ラスプーチンの驚異的な記憶力ついては、私に比較的最近のトピックスを連想させます。――やはりロシア人で、イメージを駆使して記憶力をめざましく強化した男が実在します。彼は見慣れた日常的な風景を思い浮かべながら、与えられた項目をイメージに置換していくやり方で、結果的にほとんど無限大の記憶力を誇るまでになり、その記憶を何年間も保持しつづけたといいます。しかしながら、彼は結局、一度記憶した内容を決して忘れることができなくなり、あらゆることをイメージに変換する特殊な能力のゆえに、ごく普通の文章でさえ理解するのに、はなはだ困難が伴ったといいます。それぞれの単語が個別に独立したイメージとして生起するため、文章の全体としての理解が不可能になるのです。

――さてラスプーチンは1903年、皇帝ニコライ2世と皇后アレクサンドラのあいだに今後一年以内に後継者が生まれる、という予言をおこないました。この予言は的中し、翌年8月12日に皇太子が誕生し、アレクセイと命名されます。ペテルブルグに上京したラスプーチンは、神学大学校のフェオファンの紹介により、やがて宮廷に出入りするようになり、こうして〈神の人〉として皇后アレクサンドラに紹介されたラスプーチンは、5年11月1日、ついに皇帝ニコライ2世に謁見します。
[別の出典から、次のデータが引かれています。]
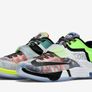 Nike Kd7 / Vii What The Kd? Se Uk 11/us 12 Deadstock Image 10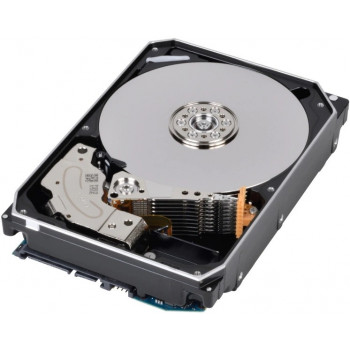 Жесткий диск Toshiba MG08SCA16TE
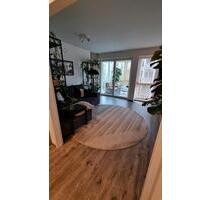 2-Zimmerwhg Untermiete Jan-Jun 2026 möbliert - Leipzig Altwest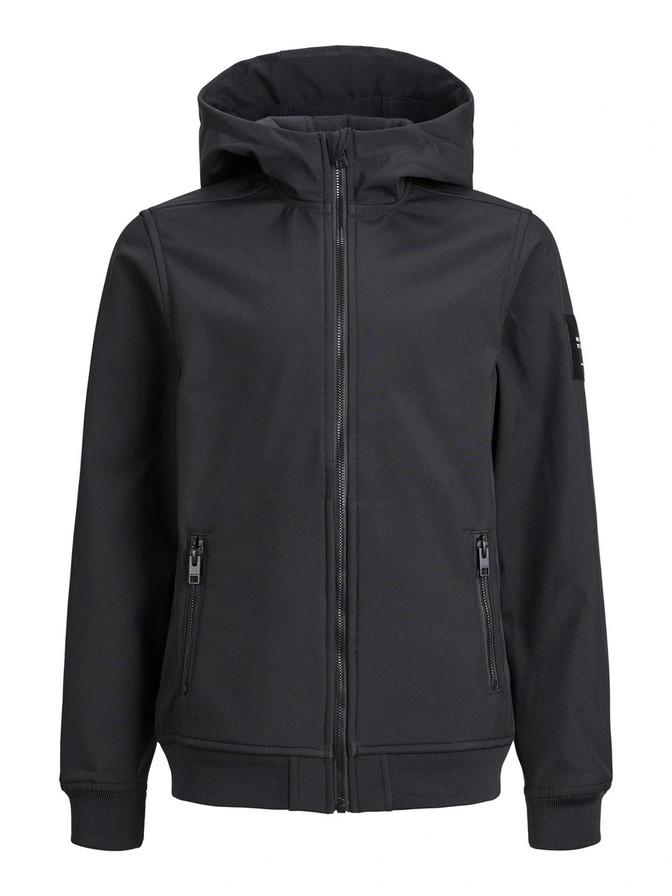 JACK&JONES JUNIOR 12236738nero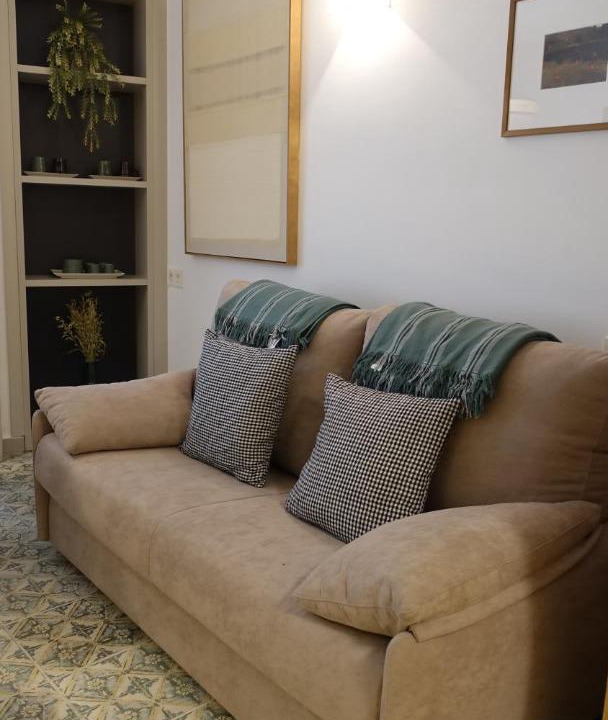 Photo of Livingroom in Villahermosa del Rio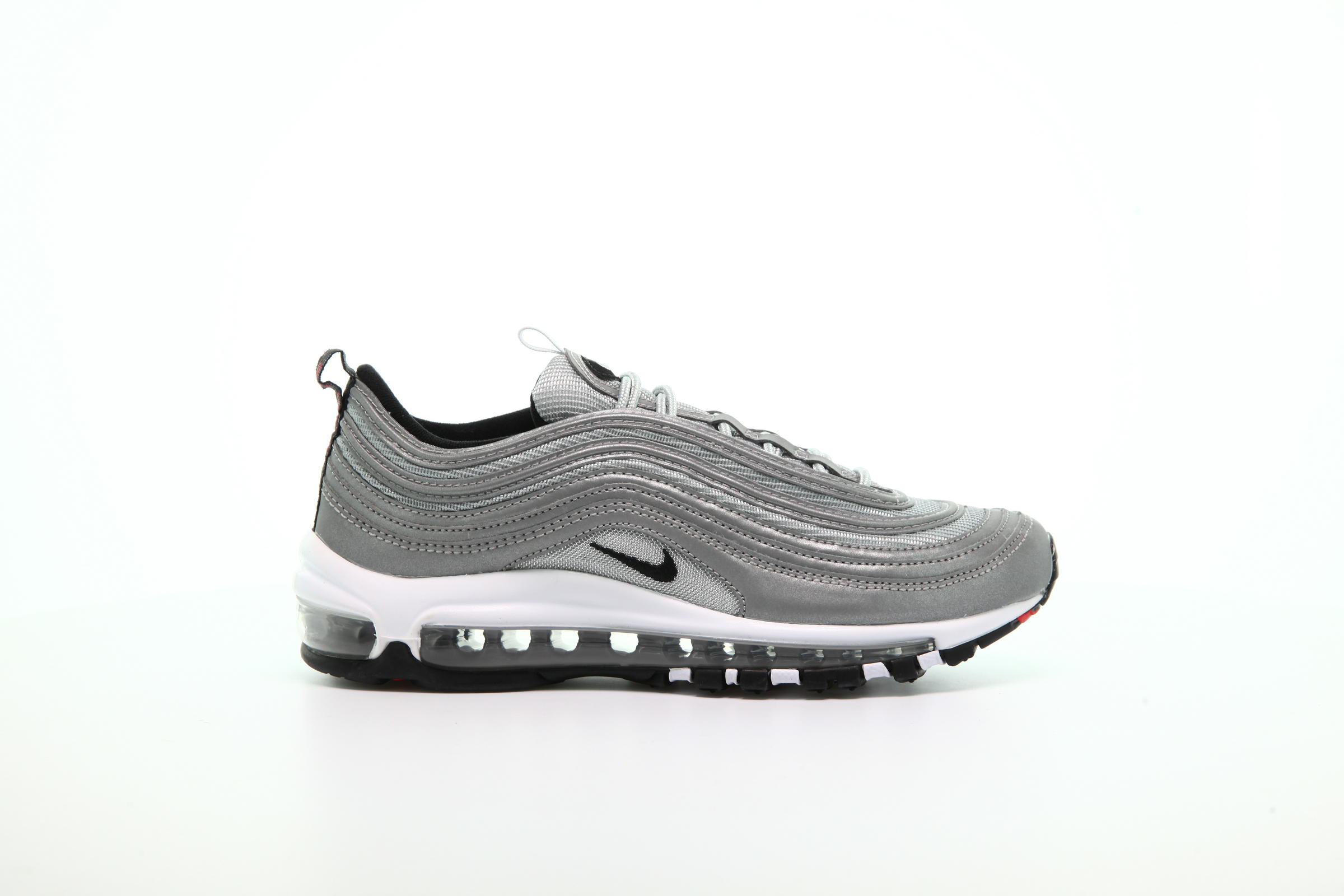 Air max 97 silver wolf grey best sale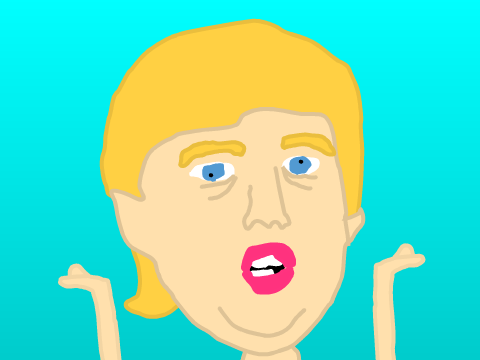 Donald Trump Adventure!
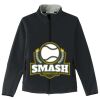 Women's Glacier ® Soft Shell Jacket Thumbnail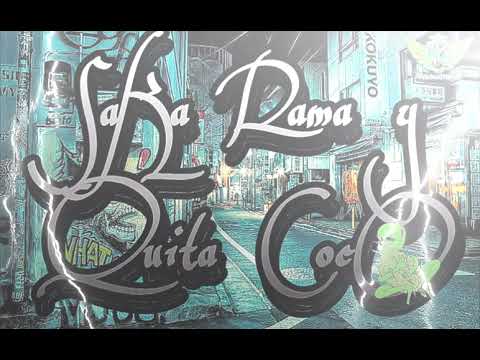 LOS DE LA ,"A" FT LA ZONA LOKA, ¨¨SACA RAMA Y QUITA COCO¨¨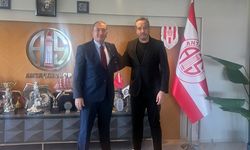 Başkan Yalçın’dan Antalyaspor’a övgü 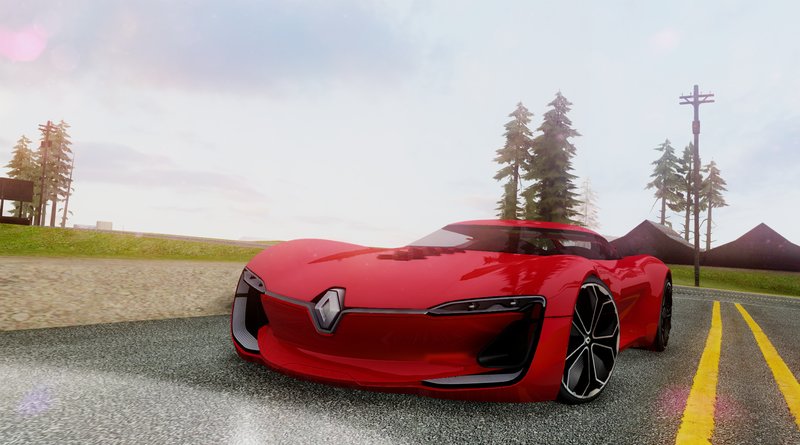 mod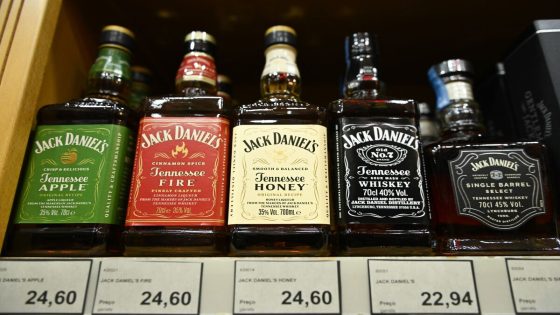 EU to Hit Boeing (BA), US Cars, Bourbon If It Retaliates Against Trump Tariffs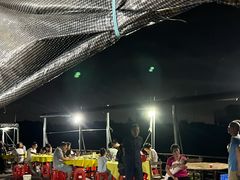 -海鸥岛河景湖大排档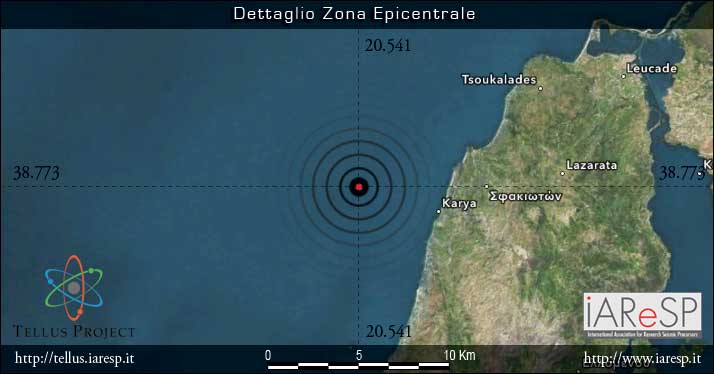 Terremoto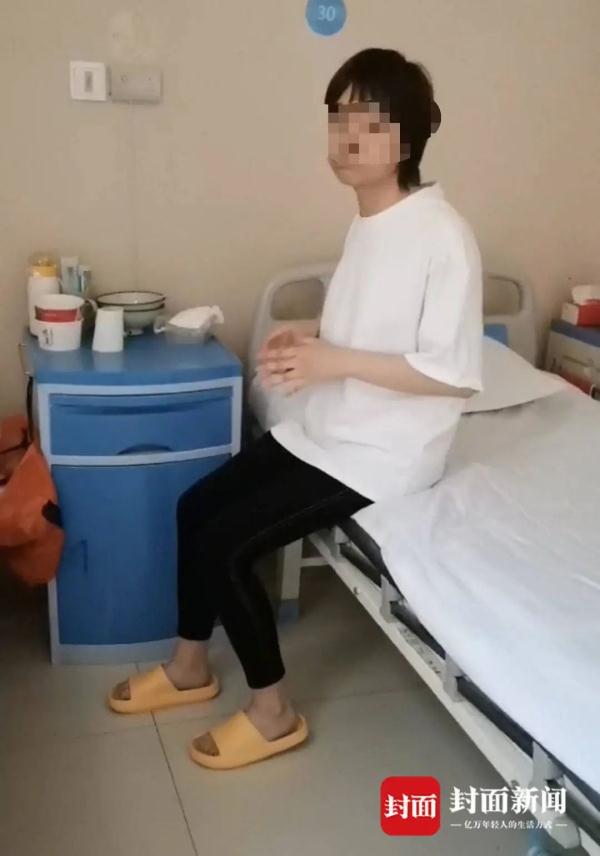 23岁女生独游峨眉山已失联14天!搜救犬曾将救援人员引向悬崖 23岁女生独游峨眉山已失联14天!搜救犬曾将救援人员引向悬崖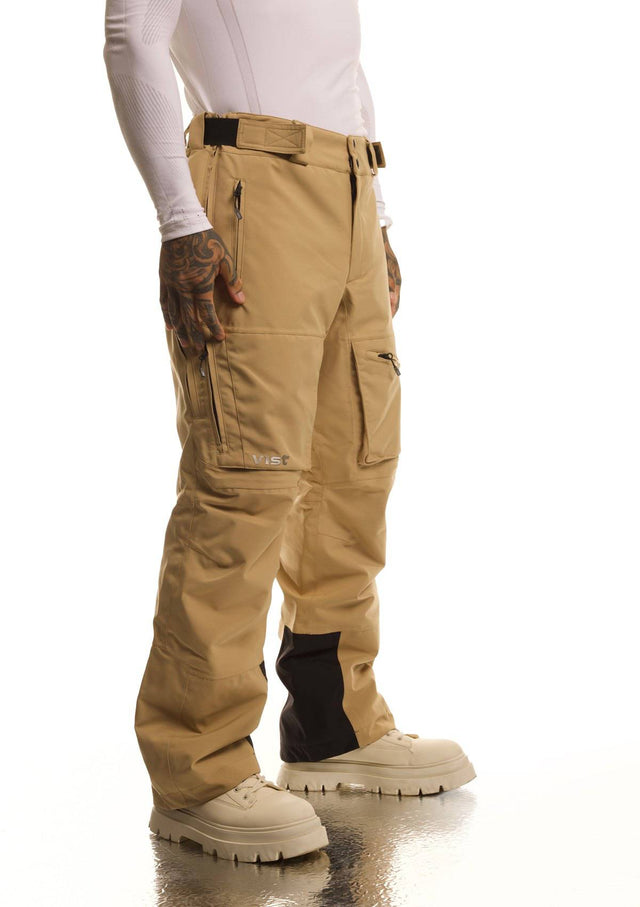 Cosmic Hero Freeride Pants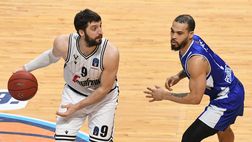Buducnost-Virtus, le pagelle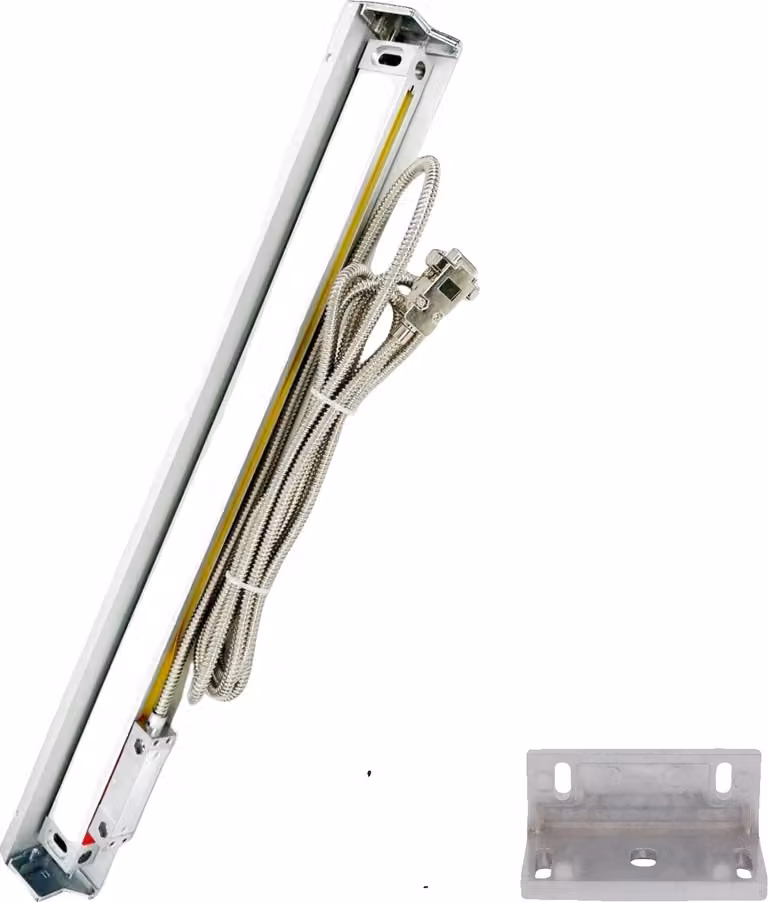 KA-300 Sensore di scala lineare, risoluzione 5 µm, campo di misura da 70 mm a 420 mm, 5um-420mm
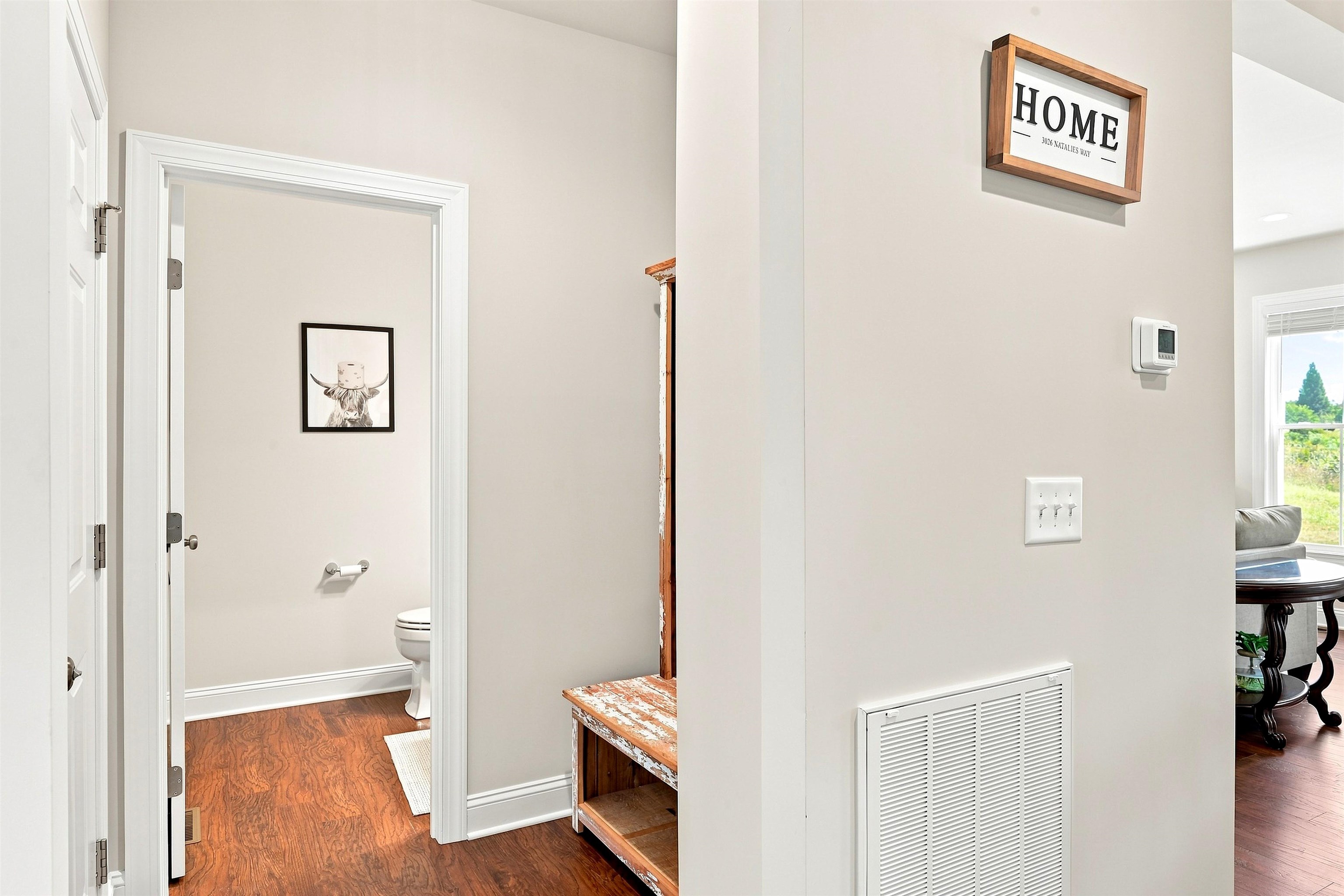 3026 Natalies Way Blacksburg VA 24060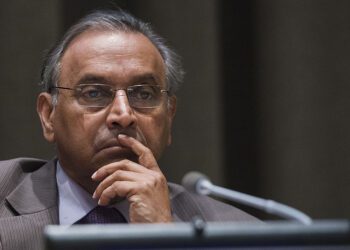 High profile diplomatic carrier Jayantha Dhanapala is no more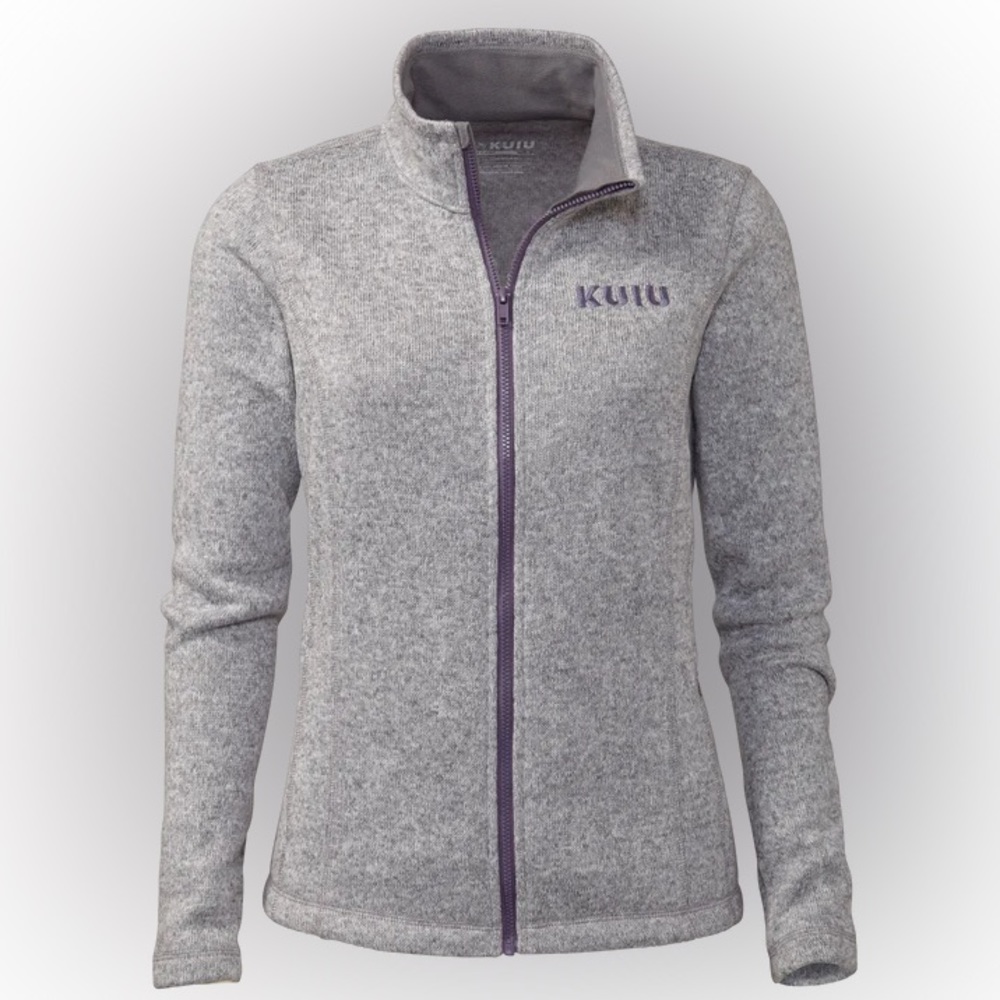 Kuiu Women’s Base Camp Sweater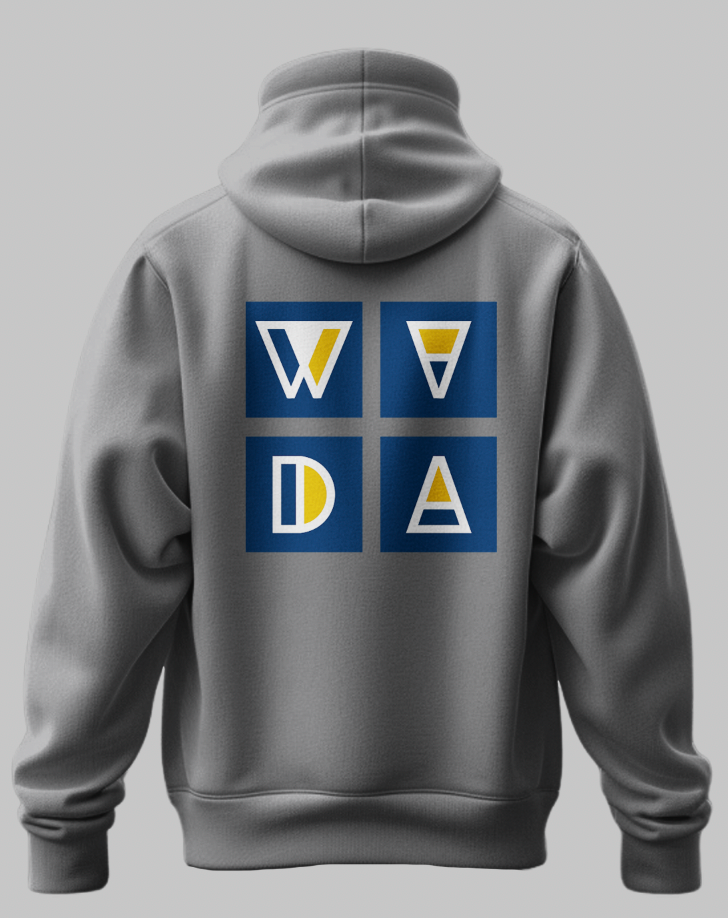 Youth WV Diving Academy Sweatshirt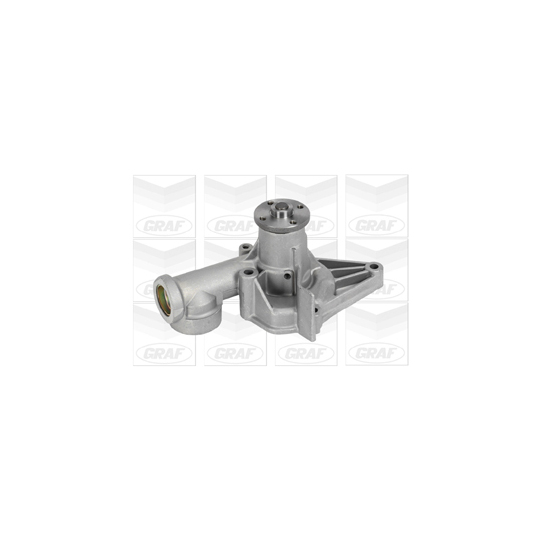 PA697 - Water pump 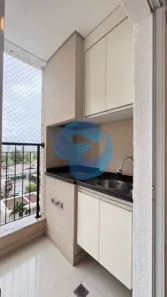 Apartamento com 3 Quartos à venda, 85m² no Parque Campolim, Sorocaba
血友病を患っていた皇太子アレクセイは、3歳のとき転んで怪我をし、それが急速に悪化します。取り乱した皇后に託されて、ラスプーチンが祈祷を施すと、皇太子の病状はにわかに回復しました。このことがあって、ラスプーチンは皇后からの絶大なる信頼を得るようになり、しだいにロシア皇室の中枢部にくいこんでいきます。この異能者の人生の絶頂期です。